Thanks appleman..and everyone else. I'm going to have to go on a quest now for baking pumpkins. Ive never seen any around here advertised as such. Its always just "Pumpkins For Sale"


----------



## skinnydipper (Nov 18, 2009)

After reading thrugh this thread again,here is my plan for this weekend, am I missing anything? Thoughts? Suggestions?


Friday night:
1) remove pumpkin from freezer, place in primary and let thaw overnight. (Pumpkin was put in straining bags prior to freezer.
<?amespace prefix = o ns = "urnchemas-microsoft-comfficeffice" />
Saturday morning, 
1) make simple syrup.
2) add ½ pound chopped raisons to strainer bag.
3) add 1 tsp shaved ginger to strainer bag.
4) boil 1.25 gallons of water, pour into primary. 
5) after the must has cooled, add ½ tsp tannin
6) add 1 tsp yeast nutrient
7) add dry malt extract
8) add simple syrup and stir until Waldo’s arm falls off.
9) take SG reading and adjust as necessary to get SG 1.116
10) add crushed and dissolved campden tablet
11) Stir everything in.

Saturday evening (12 hours after finishing previous step)
1) ½ tsp pectic enzyme
2) Make yeast starter


Sunday morning (12 hours after finishing previous step)
1) pitch yeast

once fermentation begins
1) punch down a couple of times each day
2) take SG readings

once SG hits 1.020 – 1.030
1) take strainer bags out, squeeze gently but don’t use Waldo’s gloves – you don’t know where they’ve been.
2) Rack to glass, airlock.

Rack every couple of months until clear.

? Fortify with Vodka
? add F-pack (made with canned pumpkin pie filling)


----------



## Goodfella (Nov 18, 2009)

Looks really good as far as I can see.....


The only thing I might do different would be.... Leave it in the primary until it hits 1.010. Then add sugar to bring it up to 1.030. Then you will have a higher ABV. (and need less at fortifying time).


----------



## Waldo (Nov 19, 2009)

Be sure and post us some pictures.

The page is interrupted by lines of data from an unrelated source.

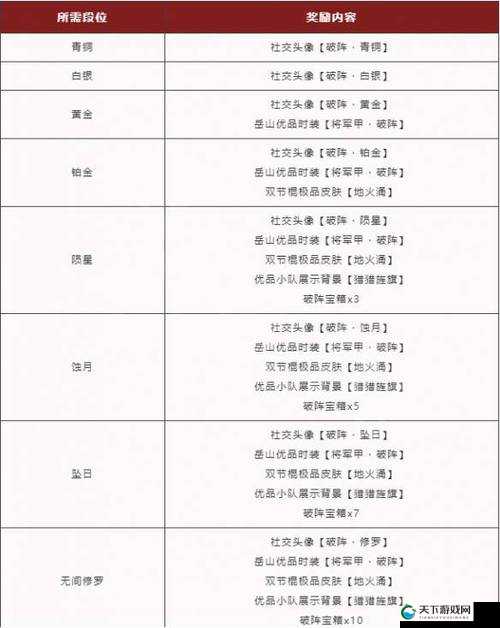 永劫无间锦鲤赐福奖励获得全攻略
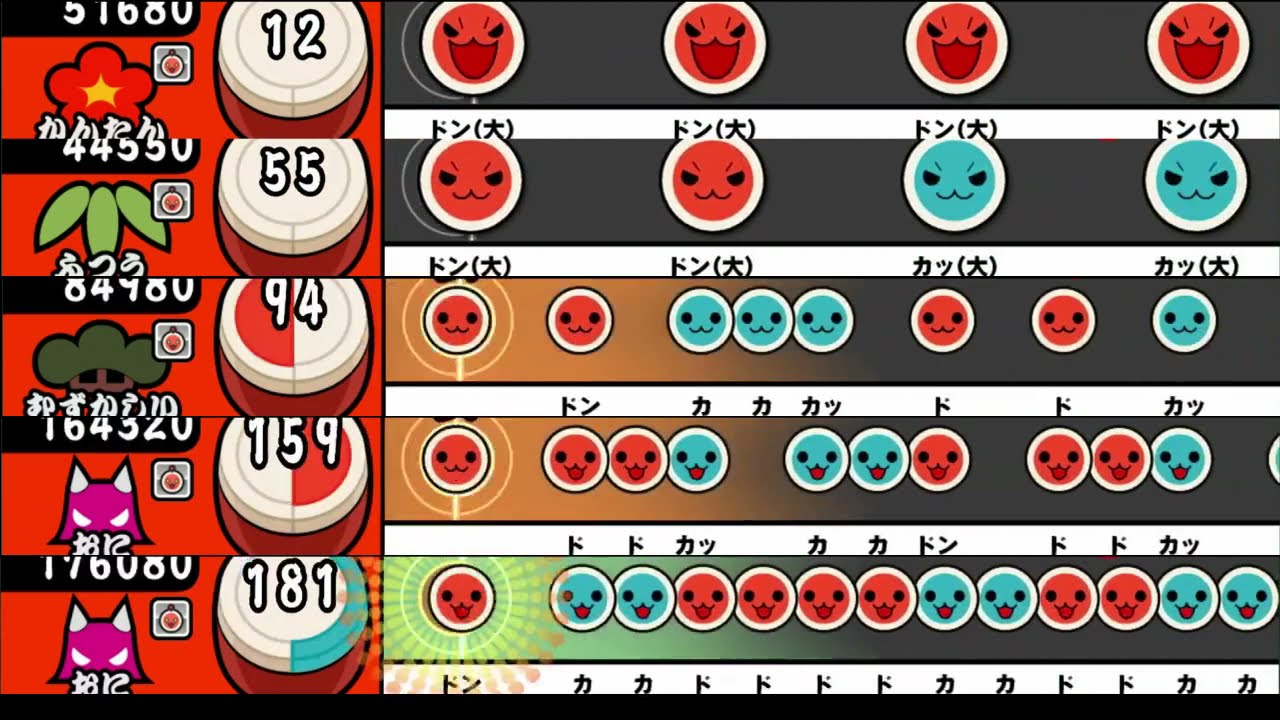 【太鼓の達人 iOS】チェインクロニクル 最終決戦メドレー【全難易度同時再生】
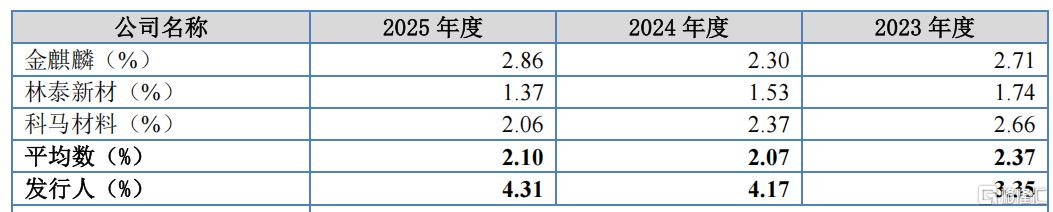 图片11.png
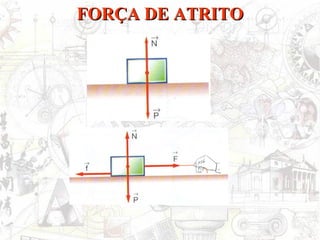 FORÇA DE ATRITO
 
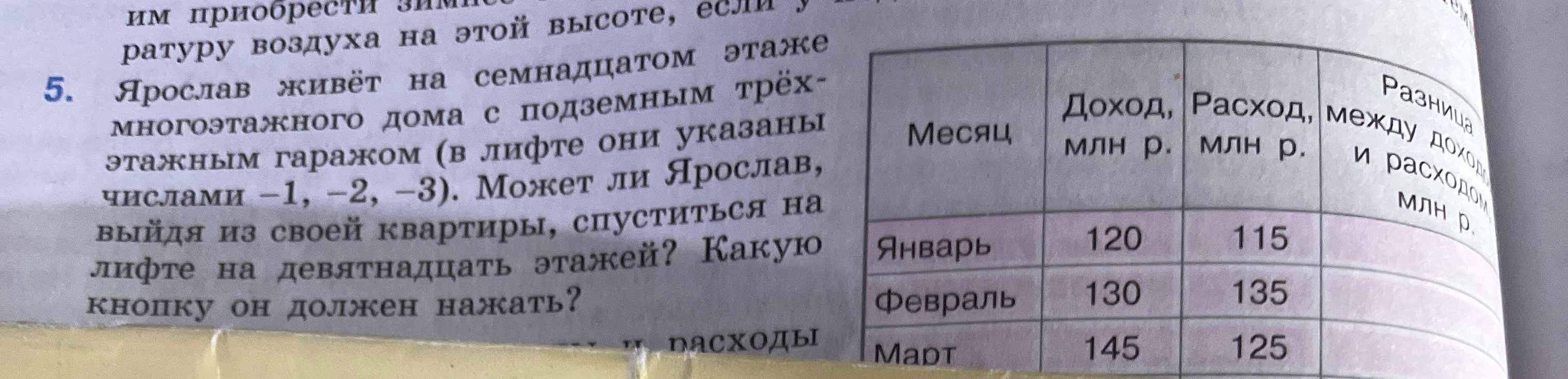 Ярослав живёт на семнадцатом этаже многоэтажного дома с подземным трёхэтажным гаражом (в лифте они указаны числами -1, -2, -3). Может ли Ярослав, выйдя из своей квартиры, спуститься на лифте на девятнадцать этажей? Какую кнопку он должен нажать?
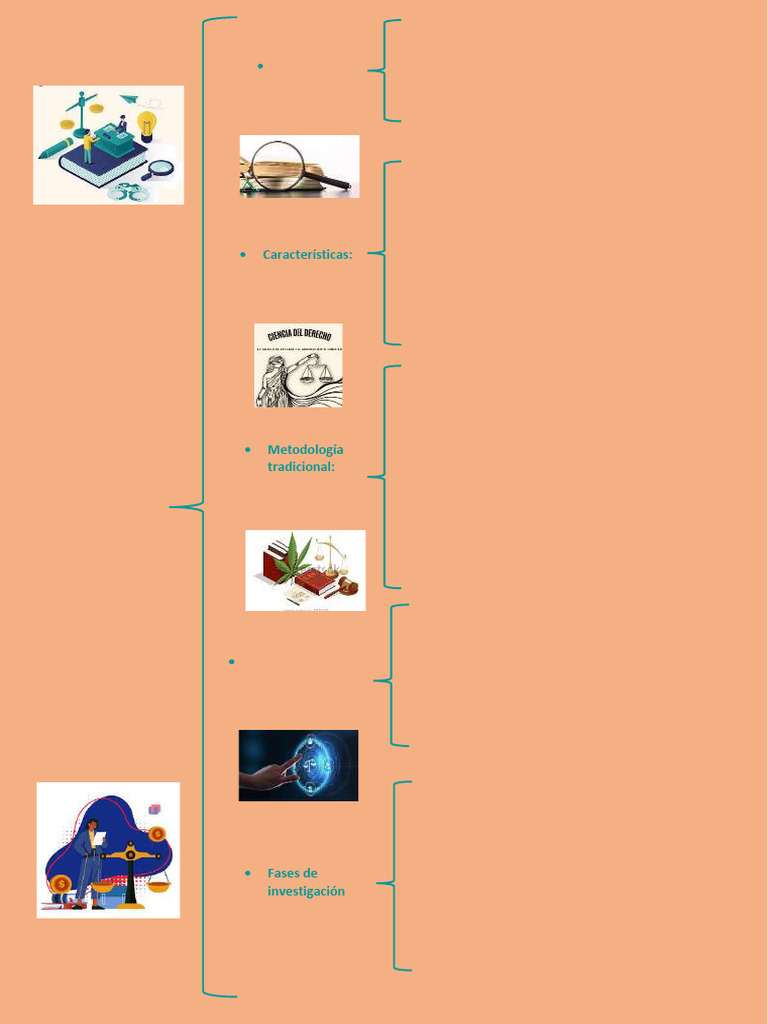 Mapa - T.P.I. | PDF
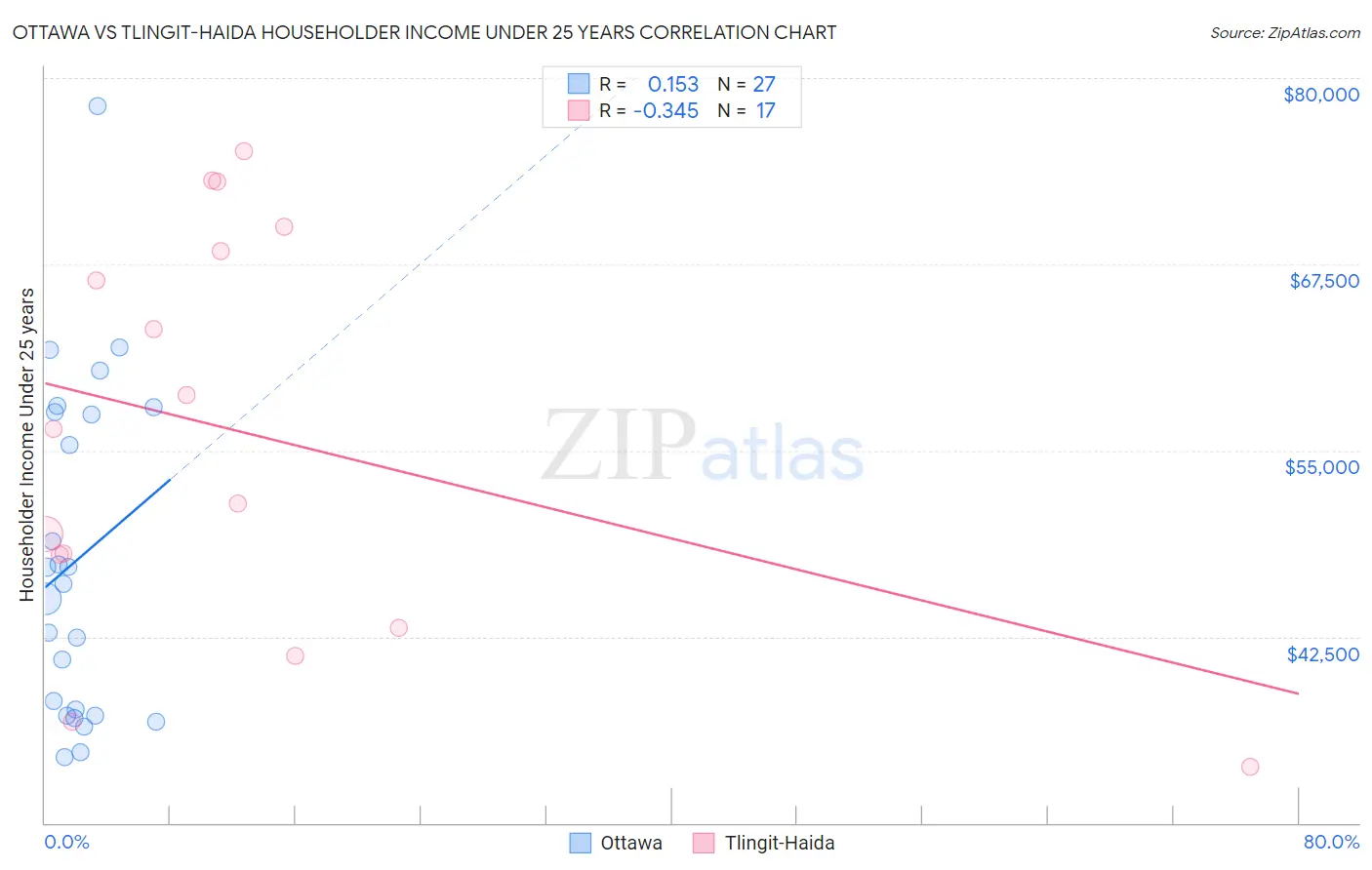 Ottawa vs Tlingit-Haida Householder Income Under 25 years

Would be better if you could do the "scratch n sniff" kind


----------



## vcasey (Nov 19, 2009)

I would slowly add the DME to the hot water and stir like crazy to keep that stuff from clumping. And like Goodfella said add more sugar a couple of times until the SG stops dropping so you don't need to fortify as much. What yeast are you using?
VC


----------



## skinnydipper (Nov 19, 2009)

I was planning on using Red Star CHampagne yeast, I also have some Lalvin 71B-1122 if you think it would be better.


Are you saying I should add the DME to the boiling water before maceration?


----------



## Goodfella (Nov 19, 2009)

I used champagne yeast on my Peach Port, and I am happy with it.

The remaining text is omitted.